Six cows cloned in the US show signs of being biologically younger than their actual age, scientists announced on Thursday. The fact that the process of cloning appears to reverse ageing is a major surprise as Dolly, the cloned sheep, appears biologically older than her age. The ability to produce young cells of any type may prove lifesaving for a host of age-related disorders.Scientists remain unsure why this has happened or whether a longer lifespan will result. But they believe the finding will have a profound impact on the use of cloning for medical purposes. They hope that in the future cloning will enable a patient's own tissue to be used to grow compatible transplant tissue which would also be youthful. Such tissue could be used to treat diseases of ageing such as Alzheimer's, arthritis and heart disease.

The cloning process used by the US and Canadian team seemed to have literally turned back the ageing clock in the cells of the six heifers. One of the researchers, Robert Lanza of Advanced Cell Technology, Massachusetts, told the BBC: "There is a very real possibility that, if this cellular phenomenon transfers into an entire organism, you would end up with a patient or an animal that had a longer life span."
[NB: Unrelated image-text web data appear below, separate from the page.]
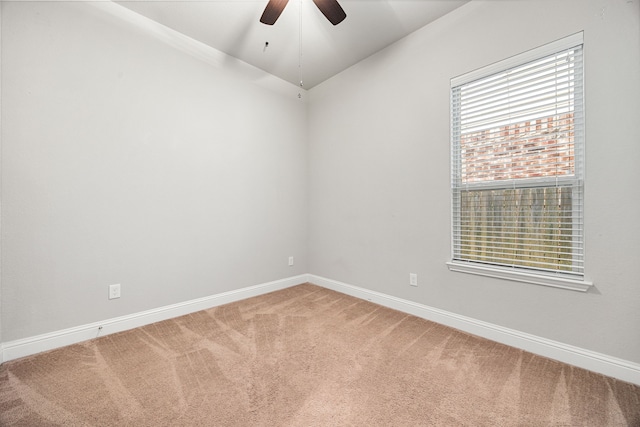 18738 Fox Kestrel Trl, Cypress, TX 77429 - unfurnished room featuring light carpet, ceiling fan, baseboards, and lofted ceiling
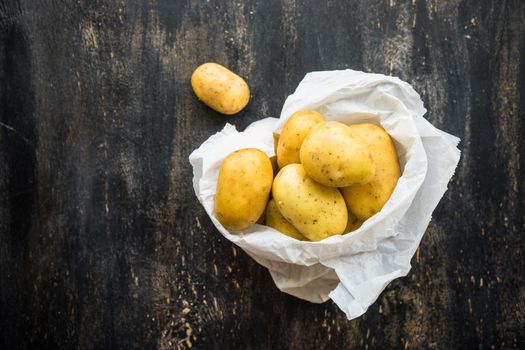 Organic potatoes on vintage pan on dark wooden table with copyspace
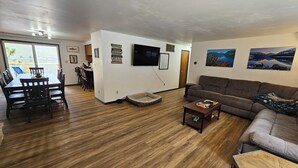 Een woonkamer met houten vloer, een grijze bank, een salontafel en een aan de muur bevestigde televisie. Er is een eethoek met een tafel en stoelen, en een klein hondenbed op de vloer.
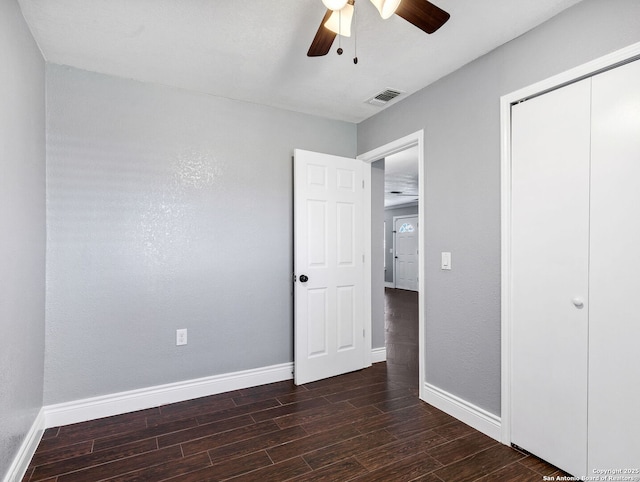 unfurnished bedroom with ceiling fan and a closet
Persephone is nearly one but has the cells of a newborn

If the same increase was seen in whole organisms as was seen in the cells, then, said Dr Lanza: "For a human who might naturally be able to live for 120 years, they could very well live to 200." However, the research breakthrough will lead to renewed questions over the ethics and safety of cloning animals or humans, as well as the ethics of extending the lifespan of people.